I'm positive you mean the negative end, no?


----------



## humble_pie (Jun 7, 2009)

jargey3000 said:


> ....what / where exactly do you mean by "behind"? ...



ummm i mean "behind"

behind the flat end of the battery, which gets installed upon the spring connector ...


----------



## Userkare (Nov 17, 2014)

humble_pie said:


> thanks for posting about the correct scientic testing procedure
> 
> but keep in mind that i'm only a dumb crumb. A simple homemade oatmeal cookie with chopped dates & walnuts.
> 
> i'm not up to the laboratory testing you require. But surely even a humble kitchen biscuit should be allowed to mention a frugal tip on an anonymous chat board.


It's not a matter of 'dumb'; everyone has their own areas of expertise. This is basic electronics/physics; but I don't expect everyone to know it, unless they work in that field as I did. I tried to explain it in as simple terms as I could.

Suffice to say that is against the accepted laws of physics that a battery can produce more energy than what it produces by the chemical reaction within it. Energy cannot be created, only converted to other energy. 

To double the useful life of a battery, you would have to reduce the 'load' current in half by adding resistance. The resistance converts the current to heat. At half the current, the bulb would be noticably dimmer. This is how the simple old-fashioned dimmers worked. Now they use more efficient methods.

Making a good electrical connection will eliminate some of the unwanted stray resistance, the energy from the battery will be mostly converted to light rather than wasted heat, keep the bulb bright, but it will not increase the battery capacity.


----------



## humble_pie (Jun 7, 2009)

Userkare said:


> One more time.... Ohms law states that Current = Voltage divided by Resistance ( I = V/R ). Any decrease in resistance will increase current.



even a poor dumb pre-luddite biscuit can understand something like the above

but coming back to our humble flashlight & other low-cost items that are mass-produced in asia, i'm assuming the manufacturers design & manufacture an item's battery chamber so that the battery assembly will be a nano-measure on the loose side. Just a tiny measure. Because they don't want customers all over the planet returning shipments because the end users complain they can't get their batteries installed in a too-tight chamber. 

in some items, this means that battery life will appear to end prematurely; however current is still available within each battery. It would seem that this problem can be cured by installing a tiny aluminum foil pad, which forces the battery assembly forward & slightly increase its tension.

so we're not talking about decreasing current. We're talking about being able to tap into current that previously - without the foil pad - could not be accessed.


----------



## humble_pie (Jun 7, 2009)

jargey3000 said:


> I'm positive you mean the negative end, no?

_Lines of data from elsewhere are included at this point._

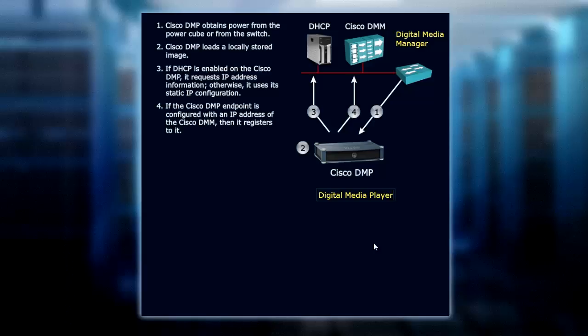If the Cisco DMP endpoint is configured with an IP address, it will also need the IP address of the Digital Media Manager. If it has that, it will continue on and register with the DMM.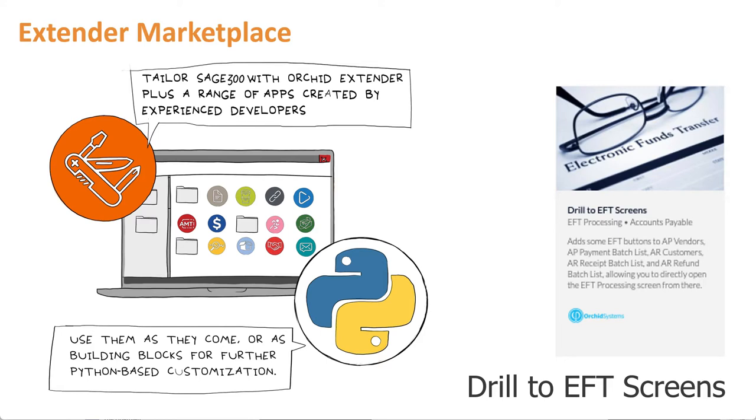If you have both extender and EFT, you are able to use the Drill to EFT screens app for extender, which enables you to drill from AR and AP screens through to the associated EFT screen.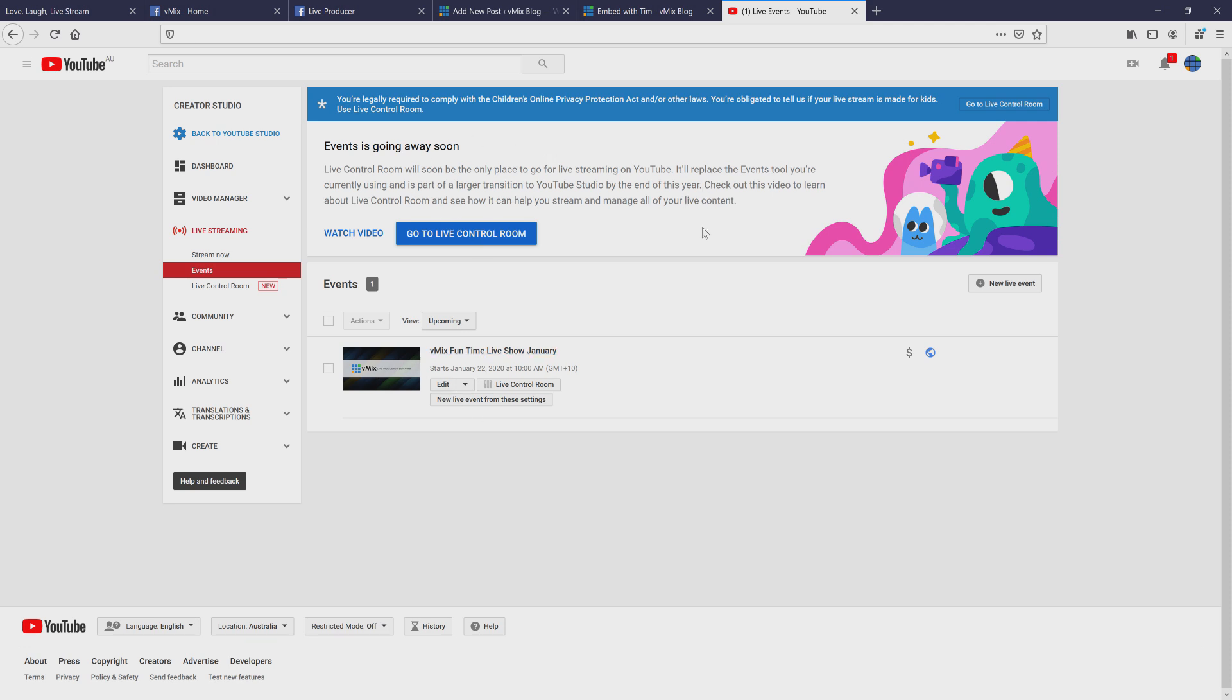Now you notice that there's information at the top saying that the events will go away soon. I had a lot of trouble trying to find the embed information and stuff in that new control room. So I'm not sure whether it's been all fully migrated over yet. So I'm using the classic version at the moment because I couldn't really find the information on the other section. So that may change and hopefully they bring those features across.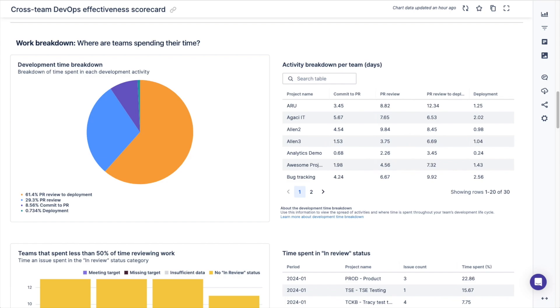We define run the business as work done to maintain the technical health of applications and run them at expected levels of security, reliability, and performance. Change the business refers to work done to create or improve customer-facing features. Developer productivity relates to efforts made to reduce development impediments and build high leverage internal tools. Team management refers to organization development such as hiring, interviewing, onboarding, growth, performance reviews, and admin work.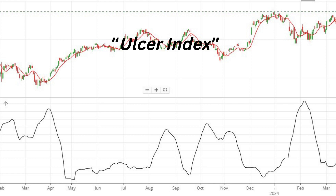In the ever-evolving landscape of investing, tools like the Ulcer Index serve as invaluable instruments for risk assessment and portfolio management. By understanding the significance, calculation, and practical applications of the Ulcer Index, investors can navigate volatile markets with confidence, ultimately achieving their financial goals while mitigating downside risk. Invest wisely, armed with the insights gleaned from the Ulcer Index, and embark on a journey towards financial success in the dynamic world of investing.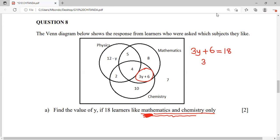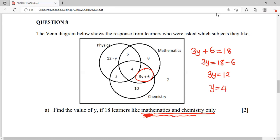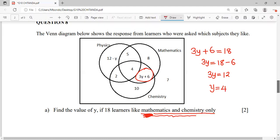We equate 3y + 6 to 18 and solve as a linear equation. So 3y = 18 minus 6, which gives 3y = 12, therefore y = 4. Our value of y is 4.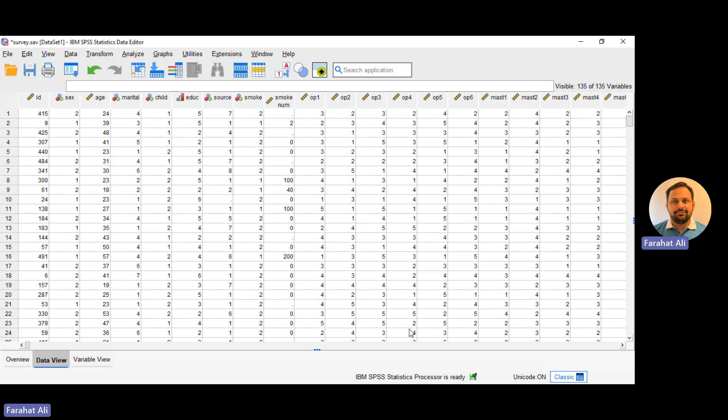Hello everyone. In this new video, we will learn what are the new features that have been introduced in SPSS version 29.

well i can't see your battery item jargey but i'm positive that you're positive we're talking about the negative end


----------



## Userkare (Nov 17, 2014)

humble_pie said:


> even a poor dumb pre-luddite biscuit can understand something like the above
> 
> but coming back to our humble flashlight & other low-cost items that are mass-produced in asia, i'm assuming the manufacturers design & manufacture an item's battery chamber so that the battery assembly will be a nano-measure on the loose side.


Yup, now we're talking about a poor design. A coil spring should be used to keep the battery snug, but still allow it to be easily inserted. Some of the cheaply produced garbage just uses a bent strip of metal that, over time, becomes loose. Cleaning the contacts, and bending the cheap metal strip back should have the same effect as the tin foil. 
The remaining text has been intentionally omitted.